Forum Discussion
I received yet another crash with no error, and with error´including whea internal parity error. So i went back to LLC 6 from 8 at 4.9 ghz, 1.3 volt. Started from 1.2v and worked upwards. My load lines did not cause any heat issues or instability. Maybe a developer could explain if its a coding issue or cpu i would be glad. If this continues i might RMA my cpu and motherboard. Spectre and meltdown mitigation has been disabled, could this be a factor that brings up the error in event viewer, and coreparking disabled?
@Ariuc It's some sort of Intel microcode bug. RMA won't do anything.
I did some tests last night. I actually *disabled* loadline calibration completely (leaving it on the standard value of 1.6 mOhms of vdroop) and used Auto vcore, letting the Internal VR AC loadline do the work (which Intel specifies as 1.6 mOhms maximum also). This worked out fine (5 ghz) but idle voltages were much too high (1.40v) and low to medium load voltages were also too high, but Apex had no problems. 15k small FFT AVX prime95 ran fine here at 1.240v (VCC_Sense voltage) and 184 amps, and 96C max temps after 6 minutes, so this was ok but again not what I suggest. The reasaon I disabled Loadline Calibration and let the AC Loadlines do the work, is this improves transient response massively and stops excessive unmeasured voltage dips and spikes (Important for something like Prime95 on very high amps load).
I then enabled SVID offset, which kept idle voltages the same, and raised small FFT avx disabled prime95 by 30mv, but this raised AVX enabled prime95 small FFT by *90mv!*...leading to 212 amps, and 105C temps in FIVE seconds! Ouch....uh....
So SVID offset seems to boost certain load voltages.

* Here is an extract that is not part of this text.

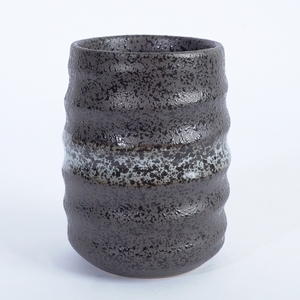 Black <b>Grey</b> Textured Ceramic Tea <b>Mug</b> Amber Band Accent Striped Pattern Dishwasher Microwave Safe Gift Box Packaging Japanese - Product Image 4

Ok so I kept SVID offset enabled but set AC loadline to 1.0 mOhms (I kept DC loadline at 1.60 mOhms to match the CPU Vcore loadline calibration standard preset setting of 1.6 mOhms also). This reduced idle voltages significantly--down to 1.30 to 1.32v. Tested 0.9 and 1.0 mOhms for AC loadline were both rock stable in the harshest stress test on the planet (15K small FFT AVX prime95), with VR VOUT vcc_sense voltage reported at 1.230v (0.9 mOhms) and 1.250v (1.0 mOhms), and everything on the planet ran fine.
Except Apex Legends.
0.9 mOhms of AC loadline with SVID offset enabled caused random CPU parity errors. 1.0 mOhms didn't (most likely would have eventually; just didn't play long enough) but the game crashed anyway after awhile (with that typical "execute code before its ready" hexadecimal code crash). Probably 1.05 or 1.1 mOhms would be enough here but the idle voltage is getting too much for me to like.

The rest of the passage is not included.